News

Fire at Edgewood Reservoir Quickly Put Out Thanks to Fast Action by MVFD, Southern Marin and County Fire, Aided by Aggressive Vegetation Clearing Efforts Earlier this Summer

As reported, on Friday, August 17, 2018, the Mill Valley Fire Department responded to a vegetation fire in the area of Edgewood Reservoir. Mill Valley Fire Department personnel by engines from neighboring departments responded quickly and observed a wind-driven vegetation fire burning in the mowed field of the former reservoir.

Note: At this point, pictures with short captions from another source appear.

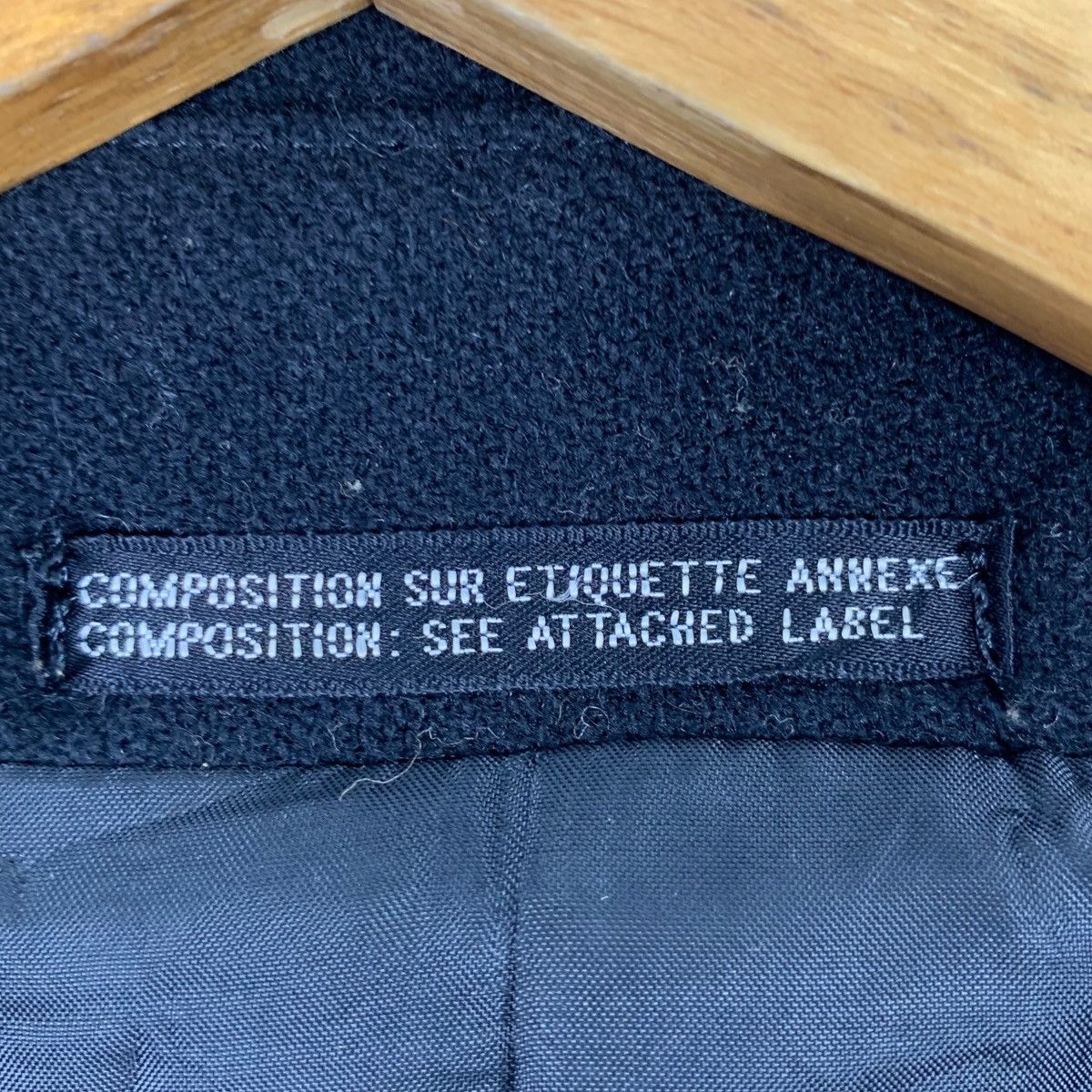 Japanese Brand × Vintage × Yohji Yamamoto Vintage INED YOHJI YAMAMOTO Japanese Brand Wool Blazer Coat Size L / US 10 / IT 46 - 7 Thumbnail
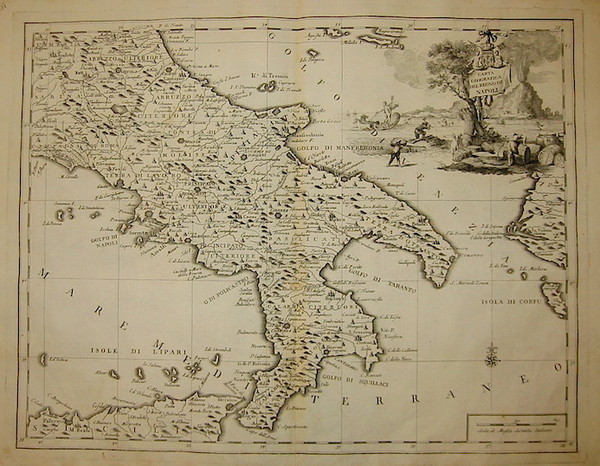 Carta geografica del Regno di Napoli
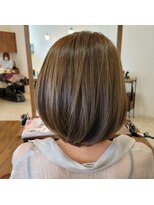 ピスヘアー(PITH HAIR)&nbsp;ツヤツヤ　カーキベージュ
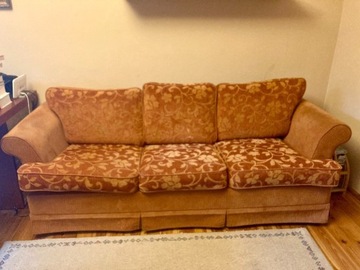 Kanapa, sofa trzyosobowa, nierozkładana
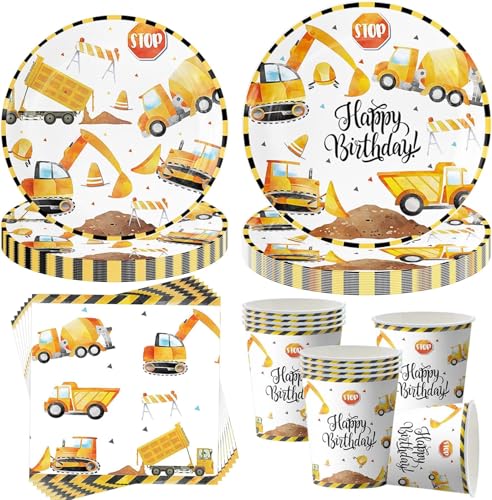 50 Stück Baustelle Partygeschirr Geburtstag Deko,Bagger Pappteller Kindergeburtstag,Bagger Partygeschirr Set,Deko Partyzubehör Pappteller Set,Party Geschirr für 10 Gäste 50 Stück Baustelle Partygeschirr Geburtstag Deko,Bagger Pappteller Kindergeburtstag,Bagger Partygeschirr Set,Deko Partyzubehör Pappteller Set,Party Geschirr für 10 Gäste von YeahBoom
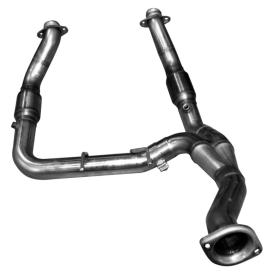 3" Stainless Steel GREEN Catted Turbo Down Y-Pipe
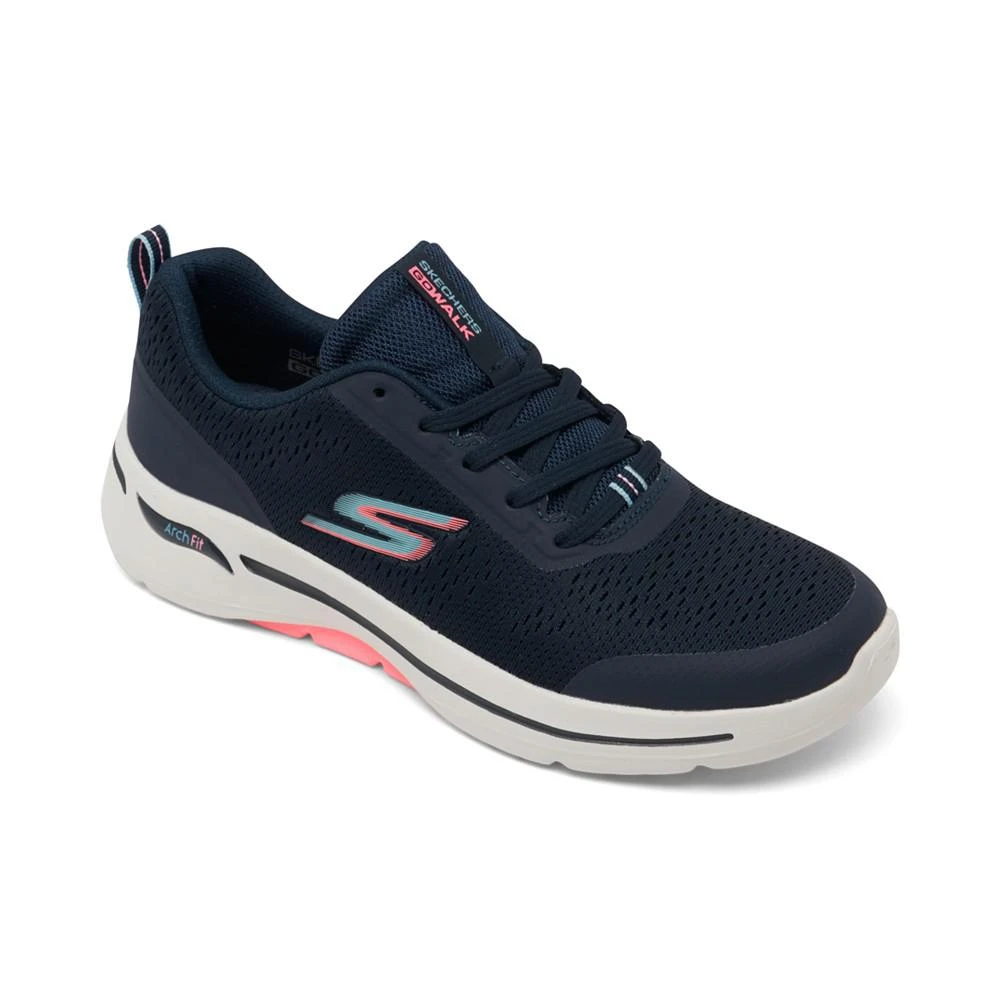 商品SKECHERS|Women's Go Walk Arch Fit - Uptown Summer Casual Sneakers from Finish Line,价格¥490,第1张图片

Mill Valley Fire Department dispatched two engines and a paramedic unit, Marin County Fire sent three engines, and Southern Marin Fire provided three units to assist. In addition, three engines and a Battalion Chief were staged on Miller Avenue and ready to assist until it was determined there were sufficient units present onsite to address the fire threat. An extra Battalion Chief was also called in to assist with media and other Chief Officer coverage. The Reservoir Fire occurred in a Mutual Threat Zone (MTZ), so four additional Marin County engines, a water tender, a dozer, two air tankers, an air attack coordination plane, and a firefighting helicopter were available should the situation have required it. Mill Valley Battalion Chief Mike St. John stated that “this impressive cache of Fire personnel and equipment were, thankfully, able to contain the two-alarm fire to approximately ½ acre with no structures damaged.”

The City would like to sincerely thank the Southern Marin Fire Protection District and Marin County Fire Department for speedy assistance in joining the Mill Valley firefighters in quickly containing and extinguishing the fire. The City cannot express enough gratitude for the quick and tireless work of the Fire Department crews on scene and the Police Department for its support.

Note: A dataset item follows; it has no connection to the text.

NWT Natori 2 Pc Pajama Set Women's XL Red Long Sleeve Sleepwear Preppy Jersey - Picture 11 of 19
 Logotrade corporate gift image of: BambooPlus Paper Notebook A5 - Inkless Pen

In the wake of the devastating 2017 North Bay Fires, the City of Mill Valley has made a top priority the diligent and proactive review and implementation of prevention, preparedness and response policies to better protect Mill Valley. A key element of the City Council’s commitment to fire prevention and preparedness efforts this year was increased funding to the City’s 22 year old Vegetation Management Program – which since its inception - has removed approximately 6,700 tons of flammable vegetation from Mill Valley hillsides.

Mayor Stephanie Moulton-Peters noted that “The Fire Department typically performs weed abatement in the Edgewood Reservoir area, but this year with the additional funds and heightened prevention focus, we did more aggressive vegetation management and mowed the area prior to the incident. That significant elimination of fuel limited the intensity and speed of spread and permitted the crews to contain it and put the fire out quickly.”

This year, increased funds were allocated to vegetation management by the Mill Valley City Council in the 2018-2020 Budget. Funds for Vegetation Management nearly doubled from $300,000 to $500,000. The funds are from the City’s Municipal Service Tax (MST). The City’s MST generates $1.2 million per year with the balance dedicated to pavement repair and street improvement projects around the community. 

 The Vegetation Management program uses the MST funds to:

  • Remove vegetation along primary and secondary access and circulation roads in the hillside areas of town,
  • Maintain the wide area fuel break on Blithedale Ridge,
  • Inspect and remove vegetation from our network of Steps, Lanes and Paths (a component of our circulation and evacuation system),
  • Support the Chipper Program throughout the community, and
  • Remove hazardous trees from our most fire prone areas.

Mayor Moulton-Peters commented that “this incident was a real and scary lesson of the seriousness of fire in our community.  We were very fortunate in this case.  Our preparation to recognize a threat and take action to reduce vegetation and fuel load at the old reservoir site surely played a role in the successful outcome.  This event is a reminder that we all have a role in fire prevention and preparedness; please follow the City’s example and join many neighborhoods in town to aggressively reduce fire prone vegetation around your property.”